To imprison them is, in nine cases out of ten, to degrade them
beyond recall. Virginia, in 1898, reverted to it as an
alternative to fine or imprisonment in the case of boys under
sixteen, provided the consent of his father or guardian be first
given. Such a statute seems absolutely unobjectionable from any
standpoint. It is often asserted that whipping is a degrading
and inhuman invasion of the sanctity of the person. To shut a
man up in jail against his will is a worse invasion. But as
against neither is the person of a criminal convict sacred. He
has justly forfeited his right to be treated like a good citizen.

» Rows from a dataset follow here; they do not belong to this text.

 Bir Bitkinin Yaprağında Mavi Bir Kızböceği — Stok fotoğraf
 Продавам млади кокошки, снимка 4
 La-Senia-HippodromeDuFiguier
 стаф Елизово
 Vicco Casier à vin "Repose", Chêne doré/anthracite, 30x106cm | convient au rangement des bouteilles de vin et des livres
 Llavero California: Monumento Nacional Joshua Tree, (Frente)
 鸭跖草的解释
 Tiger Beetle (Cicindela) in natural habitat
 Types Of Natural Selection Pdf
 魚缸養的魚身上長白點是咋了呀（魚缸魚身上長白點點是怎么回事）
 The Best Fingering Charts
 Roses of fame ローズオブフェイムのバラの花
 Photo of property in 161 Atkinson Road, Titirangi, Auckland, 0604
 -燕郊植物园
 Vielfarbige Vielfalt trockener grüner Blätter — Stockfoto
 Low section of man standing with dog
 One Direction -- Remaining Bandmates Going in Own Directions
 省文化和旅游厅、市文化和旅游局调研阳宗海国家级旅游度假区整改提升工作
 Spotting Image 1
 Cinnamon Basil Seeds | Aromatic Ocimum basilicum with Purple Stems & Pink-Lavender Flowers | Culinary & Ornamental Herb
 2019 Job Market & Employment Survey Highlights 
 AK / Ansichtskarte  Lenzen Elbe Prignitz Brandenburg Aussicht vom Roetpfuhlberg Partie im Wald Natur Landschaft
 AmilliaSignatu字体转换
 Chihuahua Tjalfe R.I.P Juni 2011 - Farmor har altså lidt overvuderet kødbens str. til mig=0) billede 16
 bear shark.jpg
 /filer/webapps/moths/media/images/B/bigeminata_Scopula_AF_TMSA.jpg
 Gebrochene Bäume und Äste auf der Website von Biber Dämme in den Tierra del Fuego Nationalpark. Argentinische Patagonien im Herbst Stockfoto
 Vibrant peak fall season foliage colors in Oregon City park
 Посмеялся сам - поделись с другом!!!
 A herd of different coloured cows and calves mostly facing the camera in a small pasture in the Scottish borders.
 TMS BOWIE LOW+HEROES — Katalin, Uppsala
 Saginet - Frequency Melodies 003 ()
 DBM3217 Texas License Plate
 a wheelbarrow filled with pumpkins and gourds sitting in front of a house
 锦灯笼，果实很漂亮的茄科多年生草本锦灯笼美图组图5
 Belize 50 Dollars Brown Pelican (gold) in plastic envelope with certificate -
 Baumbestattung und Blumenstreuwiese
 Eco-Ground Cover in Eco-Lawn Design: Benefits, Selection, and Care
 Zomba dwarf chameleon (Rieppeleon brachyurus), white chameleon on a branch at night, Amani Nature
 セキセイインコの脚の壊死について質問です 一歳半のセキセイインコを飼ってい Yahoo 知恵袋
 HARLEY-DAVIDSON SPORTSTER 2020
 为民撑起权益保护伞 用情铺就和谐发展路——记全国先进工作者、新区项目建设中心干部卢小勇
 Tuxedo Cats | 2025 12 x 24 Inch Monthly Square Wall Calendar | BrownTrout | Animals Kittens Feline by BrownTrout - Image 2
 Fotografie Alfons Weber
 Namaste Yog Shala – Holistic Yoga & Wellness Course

Whether whipping is a degradation or not must depend much on the
place of its infliction. The old way in this country, as in
England, was to inflict it in public. This puts the convict to
unnecessary shame. Let him be whipped in private, and his only
real degradation will be from his crime. So inhumanity is
needless. A moderate whipping only should be allowed. That is
far more humane to most men than a term of jail; that is, it
detracts less from their manhood than the long slavery of
confinement.
Of late years there has been a decided movement in the United
States toward a return to the penalty of whipping for atrocious
cases of assault or offenses by boys.[Footnote: See Paper on
"Whipping and Castration as Punishments for Crime," _Yale Law
Journal_, Vol. VIII, 371, and President Roosevelt's Message to
Congress in December, 1904.] It is probable that it will find
more favor hereafter in the South as a punishment for negroes.
Most of their criminals are of that race. The jails have no
great terrors for them. They find them the only ground where
they can mingle with their white fellow-citizens on terms of
social equality. But they are sensitive to physical pain. A
flogging they dread just as a boy dreads a whipping from his
father, because it hurts. The South may have been held back from
applying this remedy in part from the apprehension that it might
be considered as reinstating the methods of slavery. No such
criticism could fairly be made. Confinement in jail is
involuntary servitude, and involuntary servitude is slavery.
Whipping is a substitute for it: it saves from slavery.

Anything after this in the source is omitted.